Naturstein ist einer der ältesten Baustoffe der Erde. Wir haben Ihn als naturbelassenen Stein mit seine umfassenden Möglichkeiten für uns entdeckt und möchten Ihnen hier einen Überblick über unser Sortiment geben.

Gesteine, die zu Baustoffen, Bausteinen etc. verarbeitet werden, nennt man Naturwerkstein. Gesteine wie Kreide oder Naturgips eignen sich jedoch nicht zur Verwendung als Naturwerkstein.

Die Gewinnung von Natursteinen erfolgt aus dem Abbau in Steinbrüchen. Sie bleiben meist naturbelassen, können optisch durch schleifen oder polieren verändert werden.

Als Baustoff fasziniert Naturstein durch seine Schönheit, Vielfalt und Widerstandsfähigkeit. In allen Bereichen des Bauwesens findet man Ihn: Im Haus (z.B. Bad, Bodenbelag, Treppe), am Haus (z.B. Dach, Fassade) und ums Haus herum.

Charakteristische für den Naturstein ist die ungleichmäßige Farbgebung und Maserung.
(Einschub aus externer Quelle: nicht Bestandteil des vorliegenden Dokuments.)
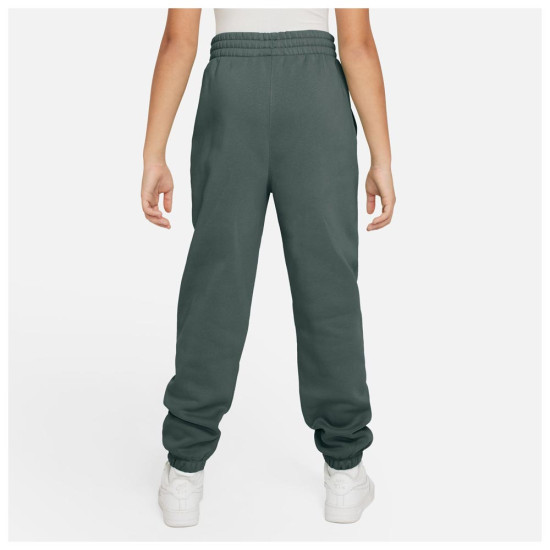Nike Παιδικό παντελόνι φόρμας Sportswear Club Fleece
Entsprechend ihrer Entstehung lassen sich Natursteine in drei Gesteinsklassen unterteilen.

1. Erstarrungsgesteine

Sie sind durch das Erstarren von flüssiger Magma entstanden. Vertreter von Erstarrungsgesteinen sind Granit, Syenit, Porphyr und Basalt. Diese Gesteine sind hart und verwitterungsbeständig und so sehr gut im Außenbereich einsetzbar.

2. Ablagerungs- oder Sedimentgesteine

Bei Ablagerungsgesteinen handelt es sich um Gesteine, die bei Entstehung der Erde nach „Verwitterung“ und „Transport“ abgelagert und anschließend durch den Druck überlagernder Massen verfestigt wurden. Zu den Ablagerungsgesteinen gehören Sandsteine, Schiefer, Kalksteine und Dolomitkalk. Sedimentgesteine bedecken zu ca. ¾ die Kontinente.

Ablagerungsgesteine, wie der Sandstein sind zu meist weniger beständig, aber leicht zu bearbeiten. Durch seine leichte Handhabung wurde er früher häufig im Kirchenbau eingesetzt. Seine Vielseitigkeit macht ihn auch heute zu einem wichtigen Stein im Garten- und Landschaftsbau. Er ist jedoch kaum tausalzbeständig und daher weniger als Bodenbelag geeignet. Etwas widerstandsfähiger ist der Kalkstein, der ebenfalls gut im Außenbereich verwendet werden kann. Beispielsweise für Boden, Trockenmauern und Steingärten.

3. Umwandlungsgesteine oder Metamorphite

Umwandlungsgesteine entstanden aus einem anderen Gestein. Durch das Einwirken vielfältiger Kräfte auf das abgesunkene Gestein ändert sich die Grobstruktur. Welches Gestein entsteht wird bestimmt durch die wirkenden Kräfte wie Walzung, Pressung, Schieferung, Fältelung, Temperatur und ungleichmäßig wirkende Drücke. Je nach Ausgangsmaterial entstanden Gesteine mit unterschiedlichen Eigenschaften. Aus Kalkstein entstand beispielsweise Marmor, aus Granit Gneis oder aus Tonstein Tonschiefer.

Mamor ist ein seit Jahrtausenden eingesetzter und beliebter Baustein, da er leicht zu bearbeiten und nicht besonders hart ist. Tempel und Skulpturen wurden von den alten Griechen und Römer aus Marmor gefertigt. Marmor gibt es, wie auch den Kalkstein, in den verschiedensten Farbtönen.